Add full-text inverted index after table creation

After table creation, you can add a full-text inverted index using ALTER TABLE ADD INDEX or CREATE INDEX.

ALTER TABLE t ADD INDEX idx (v) USING GIN('parser' = 'english');
CREATE INDEX idx ON t (v) USING GIN('parser' = 'english');

Manage full-text inverted index

View full-text inverted index

Execute SHOW CREATE TABLE to view full-text inverted indexes.

MySQL [example_db]> SHOW CREATE TABLE t\G

Delete full-text inverted index

Execute ALTER TABLE ADD INDEX or DROP INDEX to delete full-text inverted indexes.

DROP INDEX index idx on t;
ALTER TABLE t DROP index idx;

Accelerate queries by full-text inverted index

After creating a full-text inverted index, you need to ensure that the system variable enable_gin_filter is enabled, so the inverted index can accelerate queries. Also, you need to consider whether the index column values are tokenized to determine which queries can be accelerated.

Supported queries when indexed column is tokenized

If the full-text inverted index tokenizes indexed columns, that is, 'parser' = 'standard|english|chinese', only the MATCH predicate is supported for data filtering using full-text inverted indexes, and the format needs to be <col_name> (NOT) MATCH '%keyword%'. The keyword must be a string literal, and does not support expressions .

  1. Create a table and insert a few rows of test data.

    CREATE TABLE `t` (
    `id1` bigint(20) NOT NULL COMMENT "",
    `value` varchar(255) NOT NULL COMMENT "",
    INDEX gin_english (`value`) USING GIN ("parser" = "english") COMMENT 'english index'
    )
    DUPLICATE KEY(`id1`)
    DISTRIBUTED BY HASH(`id1`)
    PROPERTIES (
    "replicated_storage" = "false"
    );


    INSERT INTO t VALUES
    (1, "starrocks is a database

    1"),
    (2, "starrocks is a data warehouse");
  2. Use the MATCH predicate for querying.

  • Query data rows whose value column contains the keyword starrocks.

    MySQL [example_db]> SELECT * FROM t WHERE t.value MATCH "starrocks";
  • Retrieve data rows whose value column contains the keyword starting with data.
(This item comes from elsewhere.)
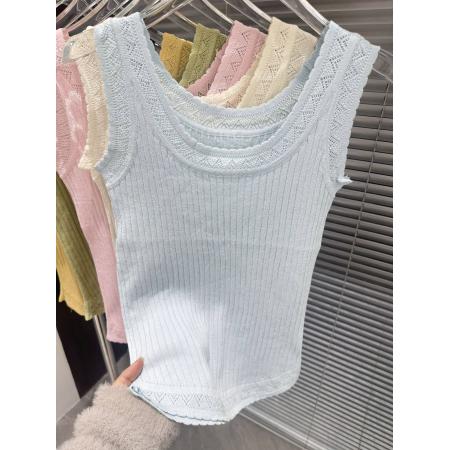 BY15740# 女士针织衫背心性感蕾丝边轻薄针织螺纹棉舒适柔软打底针织衫  服裝批發女裝批發服飾貨源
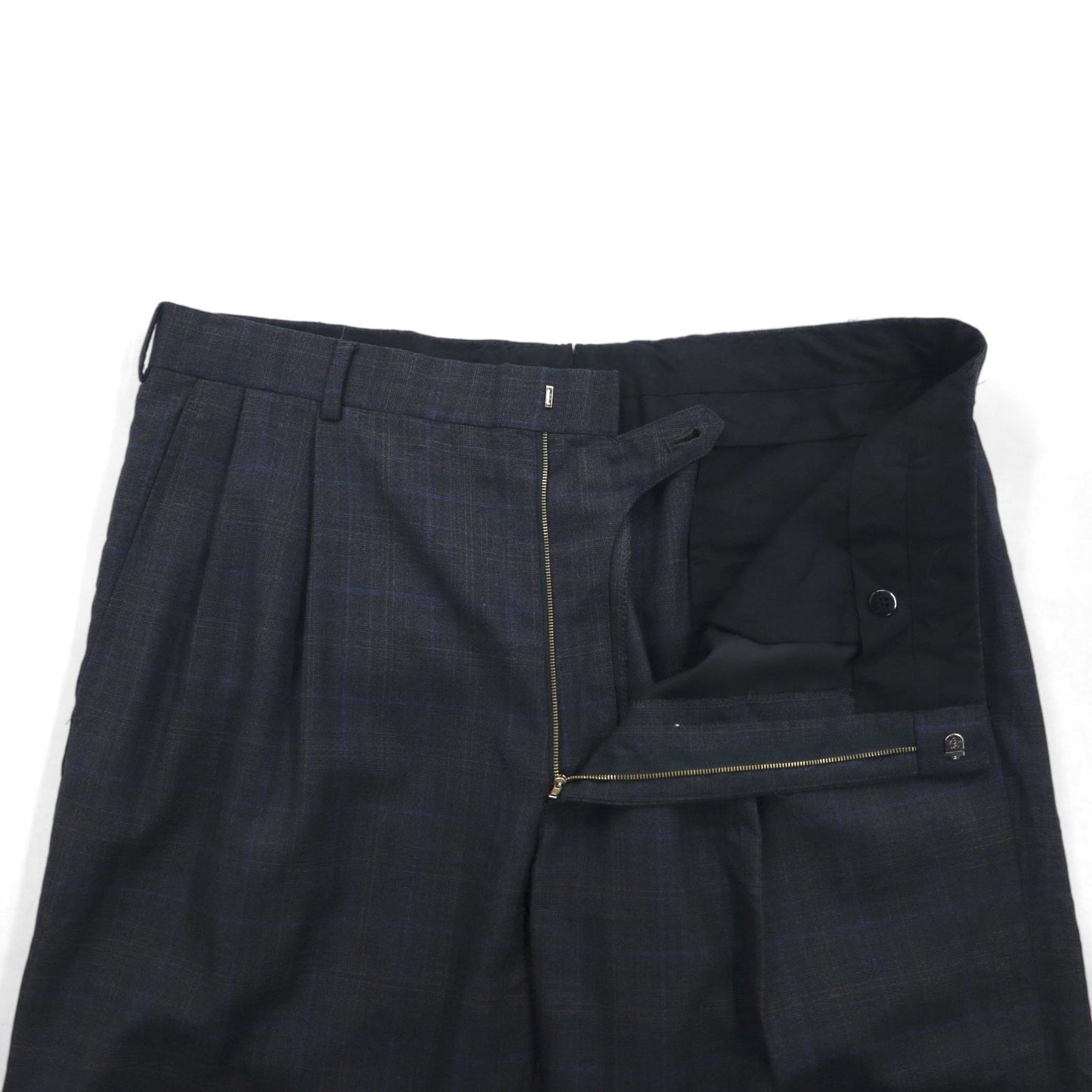 Brooks Brothers Golden Fleece Hand-Tailored 2-Pleated Wide Leg Slacks, Size L, Gray Check Wool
    MySQL [example_db]> SELECT * FROM t WHERE t.value MATCH "data%";

Notes:

  • During queries, keywords can be matched fuzzily using %, in the format of %keyword%. However, the keyword must contain a part of a word. For example, if the keyword is starrocks , it cannot match the word starrocks because it contains spaces.

    MySQL [example_db]> SELECT * FROM t WHERE t.value MATCH "star%";
    +------+-------------------------------+
    | id1 | value |
    +------+-------------------------------+
    | 1 | starrocks is a database1 |
    | 2 | starrocks is a data warehouse |
    +------+-------------------------------+
    2 rows in set (0.02 sec)

    MySQL [example_db]> SELECT * FROM t WHERE t.value MATCH "starrocks ";
    Empty set (0.02 sec)
  • If English or multilingual tokenization is used to construct the full-text inverted index, uppercase English words are converted to lowercase when the full-text inverted index is actually stored. Therefore, during queries, keywords need to be lowercase instead of uppercase to utilize the full-text inverted index to locate data rows.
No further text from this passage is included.